La grafología existe por algo, como todas las cosas. Lo otro que estaba en esa carpeta era una colección de hojas blancas tamaño carta que recogían los cadáveres exquisitos que hicimos una larga noche en mi casa de Tacuarembó, junto a Darno, César Caorsi y Eduardo Lavadí, poeta. Estaban los originales con los dobleces del papel para que el otro no viera lo escrito, y también las páginas mecanografiadas luego, pasadas en limpio. En mi memoria, llovía aquella noche, pero puede ser un agregado para justificar que no salimos de allí por muchas horas.
Lo que no tengo dudas es que escuchábamos una y otra vez Evensong, el disco de Amazing Blondel que fue inspiración y alimento no solamente en aquellos días sino hasta hoy.
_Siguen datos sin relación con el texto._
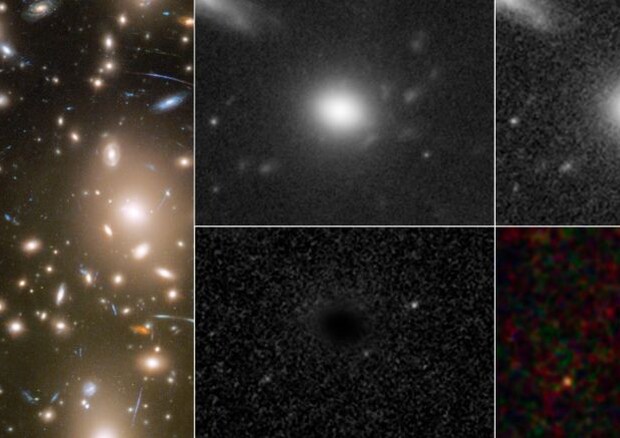 A sinistra l'immagine dell'ammasso di galassie Abell 370, dove compaiono immagini multiple della supernova. A destra, le immagini della supernova in momenti diversi (Fonte: NASA, ESA, STScI, Wenlei Chen (UMN), Patrick Kelly (UMN), Hubble Frontier Fields) © Ansa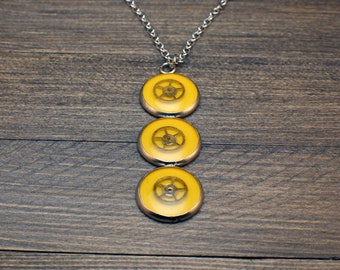 Steampunk pendant, Steampunk necklace, Watch pendant, Watch Parts pendant, Watch parts necklace, yellow pendant, Round pendant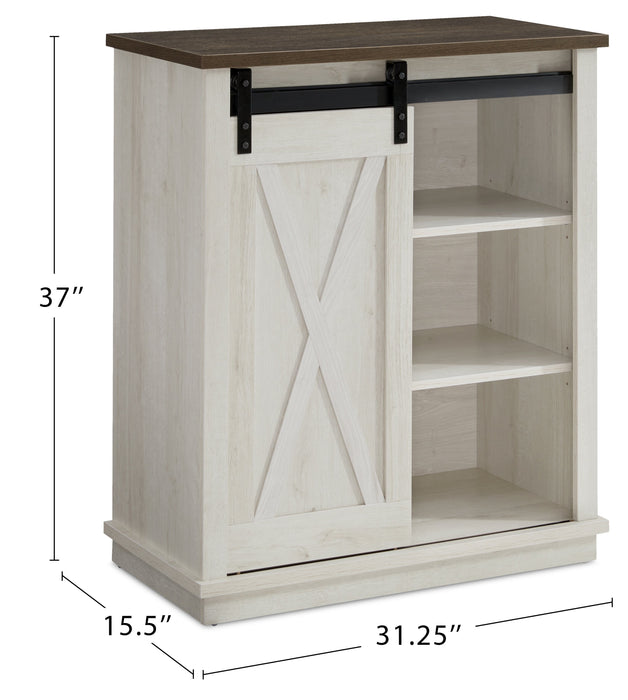 Armoire décorative Bristow de 31 po avec tablettes et porte de grange coulissante - chêne blanc
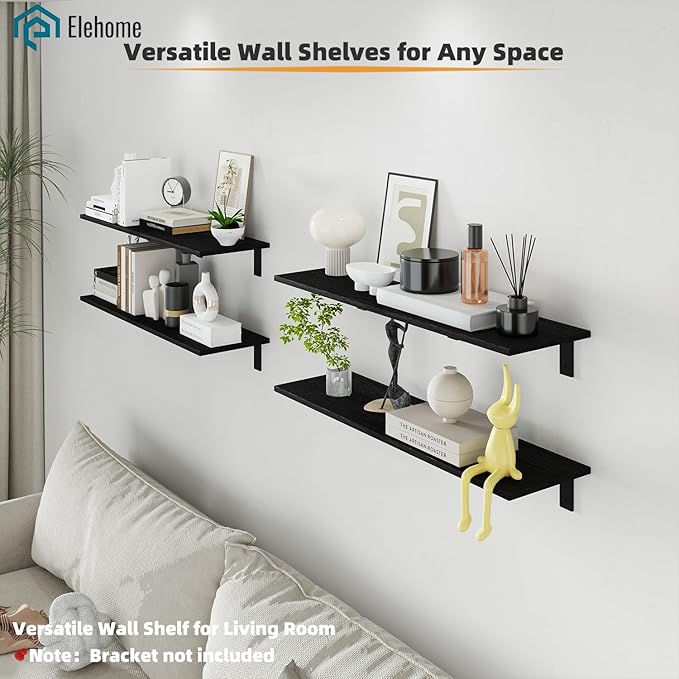 Floating Shelf Board for Wall 5/8" – No Brackets – 36" L x 10" W x 0.6" T Black Wood Melamine Wood Floating Shelves for Bathr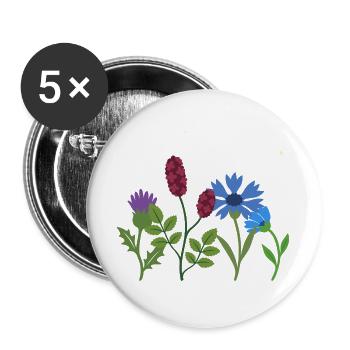 Blumen floral Naturmotiv Illustration Pflanzen - Buttons groß 56 mm (5er Pack) - Weiß - Vorne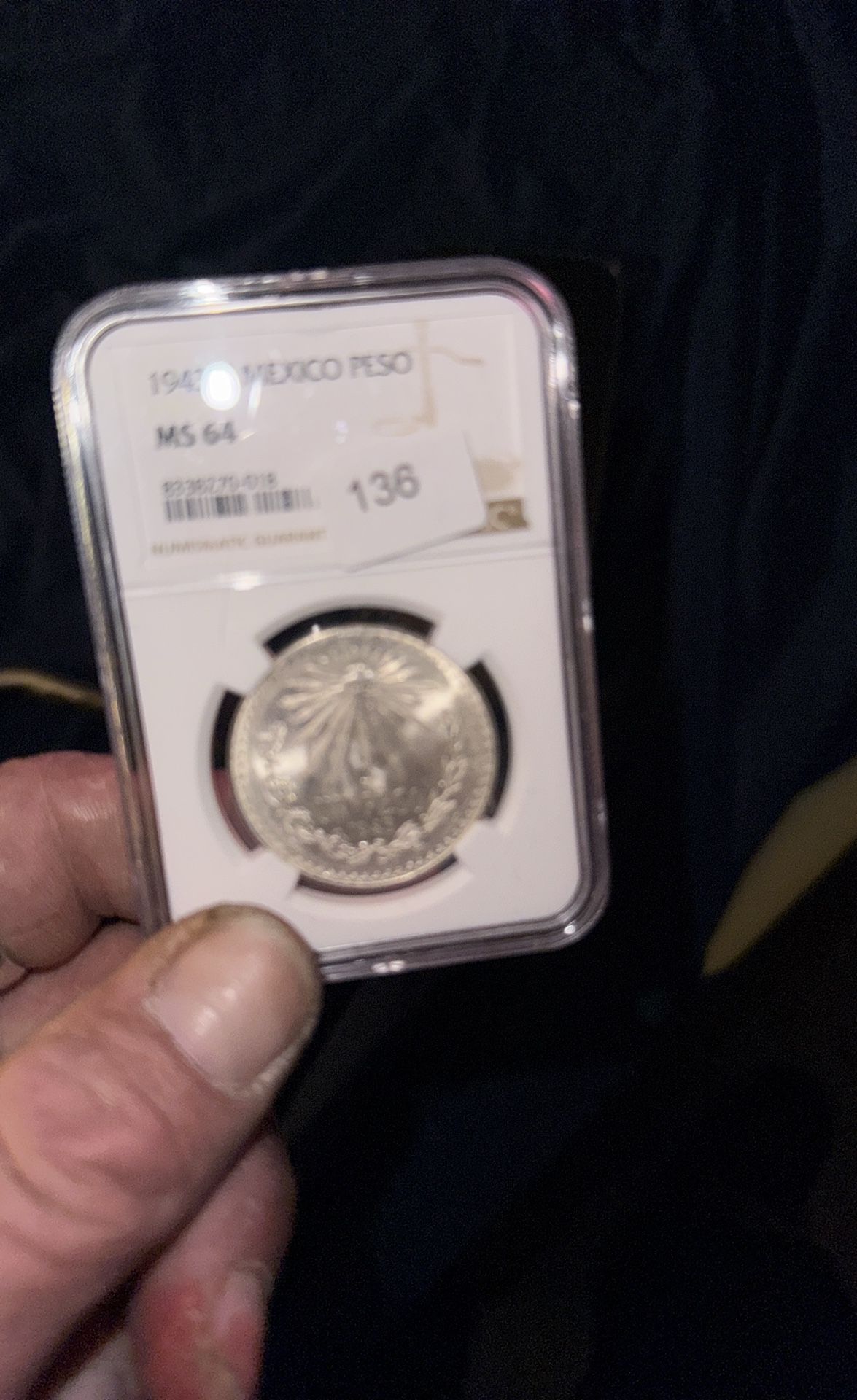 1943M Mexico Peso Ms 64
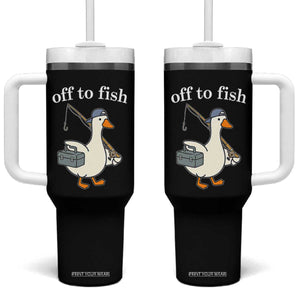 Funny Goose Fishing Tumbler With Handle Off to Fish Cute Waterfowl Angler Gift for Fishing Lovers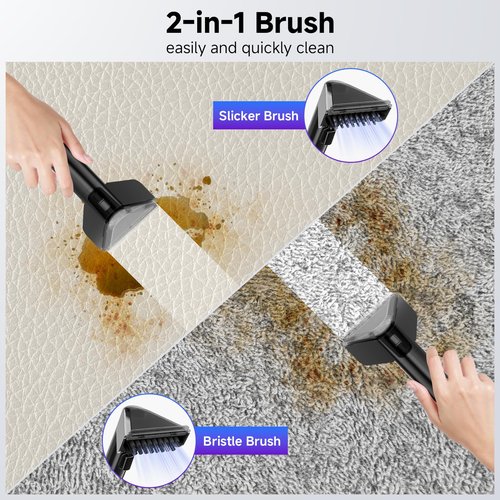 Vaconly Portable Spot Cleaner Machine for Carpet and Upholstery - 18Kpa Carpet Cleaner with Dual BrushHeads, Easy Move, Cleaning Machine for Furniture, Couch, Stairs, Car and Pet Stain, Blue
El disco lo había llevado a Tacuarembó, a lo de Benavides, Carlos Martins, y por diversos motivos terminó luego en mis manos, de manera legal, junto a otro grupo privilegiado en esa época: el segundo de Almendra, doble, que traía “Los elefantes” y “Vete de mí cuervo negro”, Canto Geral de Geraldo Vandré, Les fusils de Anne Vanderlove, ninguno de Branduardi pero sí Fabrizio d´André, el de Milton que trae “Para Lennon y McCartney” y un par del sello Archiv cuando editaba su colección con portada amarilla y tipografía azul: las Danzas de Terpsichore, de Praetorius y dos volúmenes de las Variaciones Goldberg, de Bach.
Escribimos mucho esa noche, donde sucedió eso que sucede a veces con los cadáveres exquisitos: la comunicación perfecta con los ojos cerrados. Nos reímos, abríamos los ojos así de grandes, quedamos mudos de a ratos sin poder creer lo que pasaba, y seguimos así toda la noche.
No encontré la carpeta, pero sé que está. En algún lugar está.
Mi hermana mayor, Silvia, hacía día por medio una tarta con gelatina roja y banana picada. Tenía 14 años y era la manera de recibir a su novio de entonces cada vez que venía a visitarla por las tardes. Se sentaban en un sillón de cuero negro a escuchar discos de Donovan, Moody Blues, Kinks, los primeros Bee Gees, cuando cantaban sobre el desastre minero de Nueva York, have you seen my wife míster Jones, o lo que cada cristiano corazón de león debería saber. El novio en cuestión era Eduardo.